In your personal life, you probably try to keep your relationships and friendships fairly equal.
But when it comes to your job, and your relationship with what may be a large, powerful company, equality seems impossible. How can you have an equal—or at least more equal—relationship with the company that’s literally the source of all the money you use to purchase food and shelter?
It’s not great to feel beholden to a boss. Sure, things might be fine now, but what happens when you get a new, terrible manager? What happens when they move your office into a supply closet? Most employees have no bargaining chips.
Don’t spend your days feeling put-upon and powerless.
It’s up to you, the less equal party, to take pains to equalize that relationship.
1. Make Money for Them (More Than They Pay You)
One of the easiest ways to secure your job—and make your boss a little scared that a competitor is going to poach you—is to make a lot of money for the company.
This, of course, is also a great way to get a raise: Generate revenue, and then ask for some of it.
This can be easier in startups where everybody does a little of everything, and where someone who takes an interest in sales and the company’s profitability might easily be granted access to the company’s numbers and opportunities to generate revenue directly. In a position where I developed GRE curricula and wrote test prep books, I also did direct sales—teaching trial GRE classes that convinced people to sign up for the real thing. Showing skill and enthusiasm for sales didn’t mean I had to become a full-time salesperson or sacrifice the more fulfilling aspects of my job.
Of course, this is not possible in every job. But try to make it possible. Even if your job is teaching orphans abroad for a nonprofit—a seemingly non-money-making position—you could go above and beyond to produce the kind of collateral (pictures of cute kids, letters from cute kids, etc.) that brings in donations.
Concurrently, work to gain responsibility such that you can actually know how much money your activities are generating.
Whether you end up an MVP at your current position or job-hunting in the near future, you’ll find that these skills are highly portable to a new job—and in many fields nothing sells your services better than empirical evidence that whoever hires you will make a hefty profit from doing so.
2. Don’t Be Dependent on Your Job
Making money for your company helps to even the score by making the company dependent on you, just as you are dependent on it.
We can attack this from another angle, though. What if your immediate supervisor doesn’t really care about the company’s profitability, or your workplace is embroiled in petty personal disputes?
One way to stay above it all is to have your rent covered, even if you have to walk out of that job tomorrow to preserve your dignity. Of course, an emergency fund is important—ideally, at least three months’ salary in the bank. (Easier said than done, I know! Try this for tips.)
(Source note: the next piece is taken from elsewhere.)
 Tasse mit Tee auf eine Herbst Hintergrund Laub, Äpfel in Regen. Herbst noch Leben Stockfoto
But what if your alternate source of revenue were actually sustainable?
I have long advocated that everyone develop multiple income streams, possibly including investments, side hustles, consulting, digital products for sale, royalties, or a more growth-focused business that eventually becomes your main hustle. (Note: It’s fine to secure your main income stream before branching out.)
Relatedly, I suggest everyone keep an entrepreneurial plan in her back pocket. Even if you have no interest right now in being an entrepreneur, well—if you’re going to be in the working world for 40 more years, chances are there will come a time when you’ll have to be entrepreneurial. You’ll have a once-in-a-lifetime idea, or the people around you will be so incompetent you’ll know you can do better on your own. Entrepreneurship is simply part of the modern career lifecycle.
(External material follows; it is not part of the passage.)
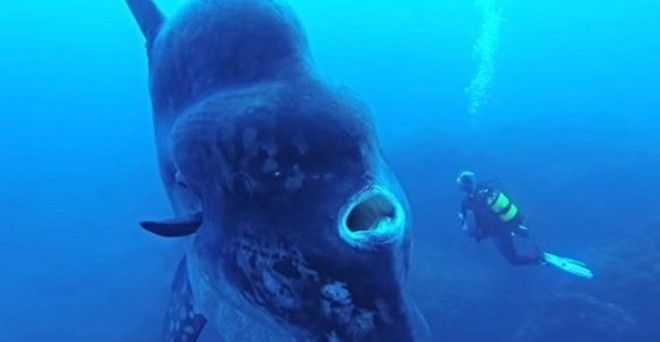 Правда или вымысел 15 животныхгигантов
Take some classes on startups, join a coding workshop, attend meetings of entrepreneurship and angel investing groups. Expand your network and your knowledge, and keep some ideas—just on a napkin is fine.
Having that entrepreneurial plan in your back pocket can make you a tougher negotiator, whether you tell anyone about it or not—why would you agree to stay at a job that underpays you when you could go out and win market share on your own? Or maybe it just keeps you from taking bullshit from people, since you know you don’t need the company, or your jerk co-workers. If you left the company, you’d have plenty of options.
3. Make Sure You Don’t Act Dependent, Either
In the words of Dr. Strangelove, “Of course, the whole point of a Doomsday Machine is lost if you keep it a secret!”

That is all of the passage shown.